*** Records for the task ***
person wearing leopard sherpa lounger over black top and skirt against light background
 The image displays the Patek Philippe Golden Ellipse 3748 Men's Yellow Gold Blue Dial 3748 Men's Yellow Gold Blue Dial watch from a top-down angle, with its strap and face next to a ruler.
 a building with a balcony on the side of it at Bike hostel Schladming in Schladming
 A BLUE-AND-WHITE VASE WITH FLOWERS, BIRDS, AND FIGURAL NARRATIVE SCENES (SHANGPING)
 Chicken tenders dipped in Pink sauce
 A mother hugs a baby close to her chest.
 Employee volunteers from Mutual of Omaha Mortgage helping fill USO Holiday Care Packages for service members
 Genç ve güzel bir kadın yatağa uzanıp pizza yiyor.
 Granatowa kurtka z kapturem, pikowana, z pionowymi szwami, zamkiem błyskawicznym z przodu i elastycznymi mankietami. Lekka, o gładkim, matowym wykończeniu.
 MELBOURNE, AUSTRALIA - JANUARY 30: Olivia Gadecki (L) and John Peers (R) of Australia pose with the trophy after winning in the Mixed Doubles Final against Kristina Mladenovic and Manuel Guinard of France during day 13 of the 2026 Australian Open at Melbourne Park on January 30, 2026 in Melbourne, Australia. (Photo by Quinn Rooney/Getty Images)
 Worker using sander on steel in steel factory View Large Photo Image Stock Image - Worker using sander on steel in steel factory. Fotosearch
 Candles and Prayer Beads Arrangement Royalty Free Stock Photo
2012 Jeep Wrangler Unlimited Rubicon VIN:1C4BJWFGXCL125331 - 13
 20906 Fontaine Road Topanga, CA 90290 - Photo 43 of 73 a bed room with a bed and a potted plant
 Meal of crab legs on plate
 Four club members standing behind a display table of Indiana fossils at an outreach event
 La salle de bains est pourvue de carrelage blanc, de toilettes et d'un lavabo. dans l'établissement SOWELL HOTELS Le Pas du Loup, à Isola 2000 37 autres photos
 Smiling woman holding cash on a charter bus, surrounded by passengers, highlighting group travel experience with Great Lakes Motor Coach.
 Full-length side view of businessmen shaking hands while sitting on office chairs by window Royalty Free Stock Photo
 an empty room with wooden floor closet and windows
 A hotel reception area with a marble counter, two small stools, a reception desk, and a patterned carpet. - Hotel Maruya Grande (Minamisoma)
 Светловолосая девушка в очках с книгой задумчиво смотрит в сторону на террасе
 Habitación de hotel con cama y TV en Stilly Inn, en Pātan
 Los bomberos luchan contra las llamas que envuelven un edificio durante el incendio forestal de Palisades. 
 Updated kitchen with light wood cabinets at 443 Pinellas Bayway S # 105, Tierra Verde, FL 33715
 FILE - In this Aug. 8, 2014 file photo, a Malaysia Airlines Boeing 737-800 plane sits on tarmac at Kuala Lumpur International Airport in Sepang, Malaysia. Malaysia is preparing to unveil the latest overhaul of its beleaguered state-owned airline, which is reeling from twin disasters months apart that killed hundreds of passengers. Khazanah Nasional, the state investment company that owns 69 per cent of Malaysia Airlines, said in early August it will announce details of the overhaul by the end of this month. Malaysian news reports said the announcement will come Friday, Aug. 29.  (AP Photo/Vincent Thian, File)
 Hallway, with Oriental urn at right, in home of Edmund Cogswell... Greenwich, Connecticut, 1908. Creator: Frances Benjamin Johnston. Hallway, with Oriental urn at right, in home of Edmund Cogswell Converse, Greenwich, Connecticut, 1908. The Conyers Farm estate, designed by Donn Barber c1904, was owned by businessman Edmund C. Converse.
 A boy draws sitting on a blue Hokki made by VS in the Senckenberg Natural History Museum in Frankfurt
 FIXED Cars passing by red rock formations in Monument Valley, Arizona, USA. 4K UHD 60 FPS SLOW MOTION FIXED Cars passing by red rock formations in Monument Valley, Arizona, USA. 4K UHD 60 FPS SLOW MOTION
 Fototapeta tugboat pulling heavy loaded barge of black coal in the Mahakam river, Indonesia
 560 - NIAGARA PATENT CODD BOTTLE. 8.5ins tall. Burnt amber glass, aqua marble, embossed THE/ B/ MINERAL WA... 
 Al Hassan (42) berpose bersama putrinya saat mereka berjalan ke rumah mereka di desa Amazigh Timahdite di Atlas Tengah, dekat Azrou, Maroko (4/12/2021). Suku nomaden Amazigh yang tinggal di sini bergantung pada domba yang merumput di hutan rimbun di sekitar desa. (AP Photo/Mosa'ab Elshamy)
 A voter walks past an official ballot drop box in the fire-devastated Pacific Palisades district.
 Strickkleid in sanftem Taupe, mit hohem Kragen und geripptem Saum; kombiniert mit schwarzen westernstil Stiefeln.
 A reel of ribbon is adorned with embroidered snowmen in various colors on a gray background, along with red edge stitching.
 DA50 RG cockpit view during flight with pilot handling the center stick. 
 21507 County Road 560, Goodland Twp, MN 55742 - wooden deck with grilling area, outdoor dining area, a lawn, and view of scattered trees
*** End of Records for the task ***
**Your goal**
Only the lines above starting with the one with "Granatowa kurtka z" and going through the one with "Candles and Prayer" are to be copied, word for word and with both ends kept.

**Result for this exercise**
 Granatowa kurtka z kapturem, pikowana, z pionowymi szwami, zamkiem błyskawicznym z przodu i elastycznymi mankietami. Lekka, o gładkim, matowym wykończeniu.
 MELBOURNE, AUSTRALIA - JANUARY 30: Olivia Gadecki (L) and John Peers (R) of Australia pose with the trophy after winning in the Mixed Doubles Final against Kristina Mladenovic and Manuel Guinard of France during day 13 of the 2026 Australian Open at Melbourne Park on January 30, 2026 in Melbourne, Australia. (Photo by Quinn Rooney/Getty Images)
 Worker using sander on steel in steel factory View Large Photo Image Stock Image - Worker using sander on steel in steel factory. Fotosearch
 Candles and Prayer Beads Arrangement Royalty Free Stock Photo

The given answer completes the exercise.